## Problem requirements
Output the listing below verbatim, without images.

═════ Information provided ═════

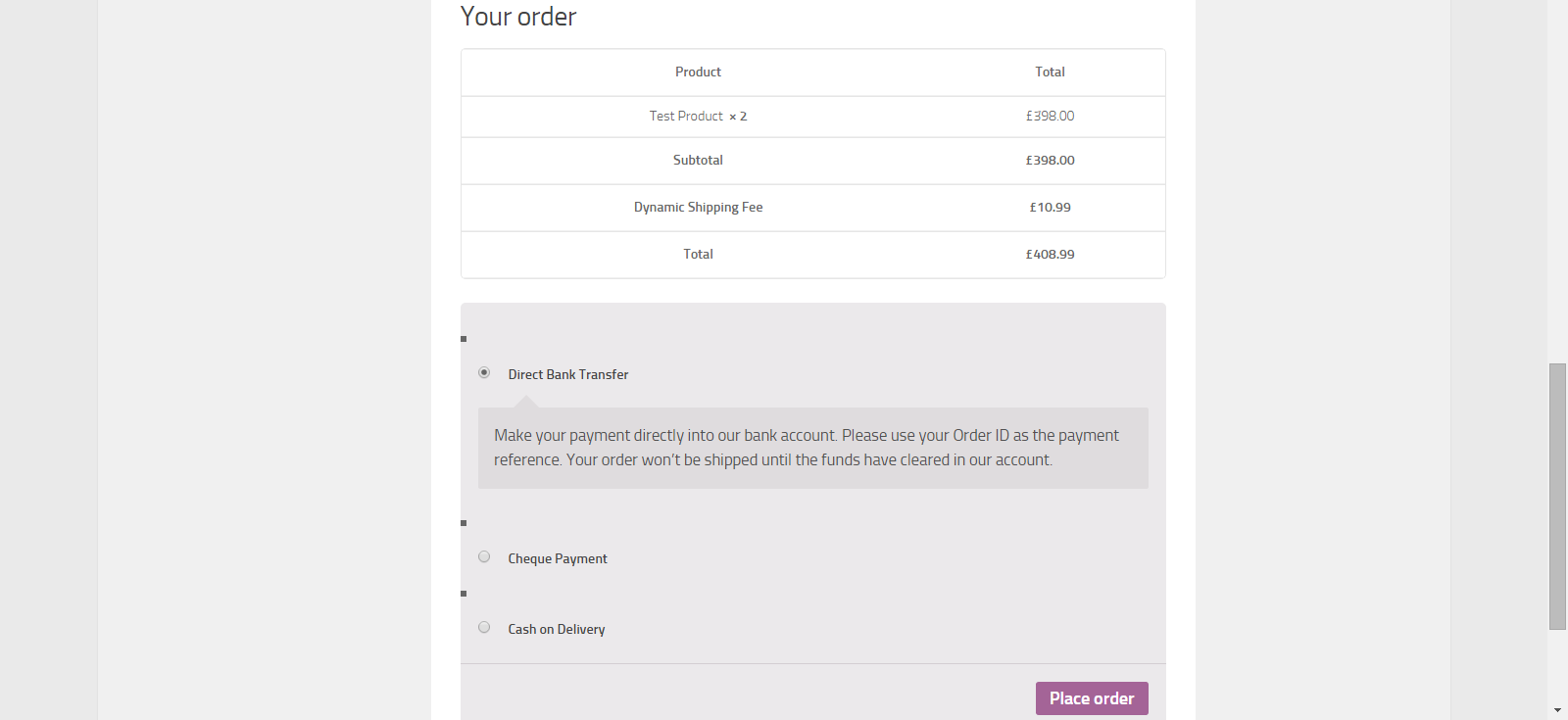 Checkout page where custom fee defined by admin is added to customer's order total amount.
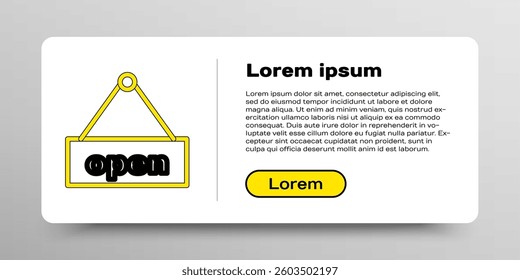 Line Hanging sign with text Open door icon isolated on white background. Colorful outline concept. Vector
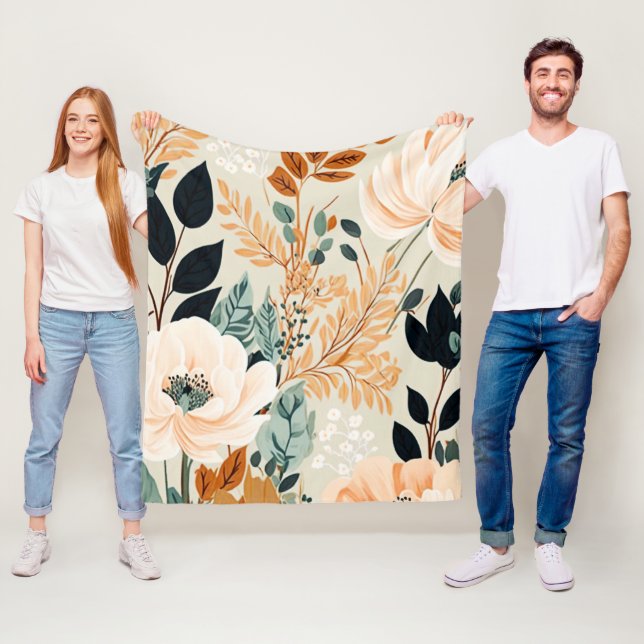 Manta Polar Patrón floral sin soldadura botánico otoño (In situ)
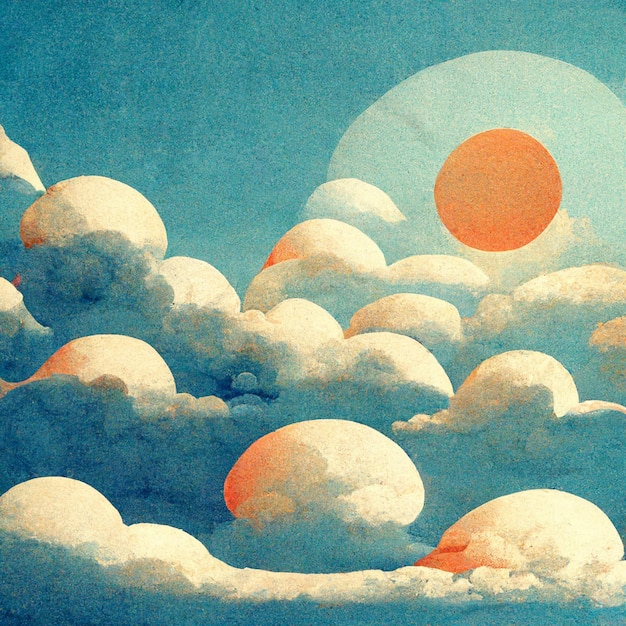 Cloudscape blue sky with clouds and sun retro art style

═════

## Result for this task
 Checkout page where custom fee defined by admin is added to customer's order total amount.
 Line Hanging sign with text Open door icon isolated on white background. Colorful outline concept. Vector
 Manta Polar Patrón floral sin soldadura botánico otoño (In situ)
 Cloudscape blue sky with clouds and sun retro art style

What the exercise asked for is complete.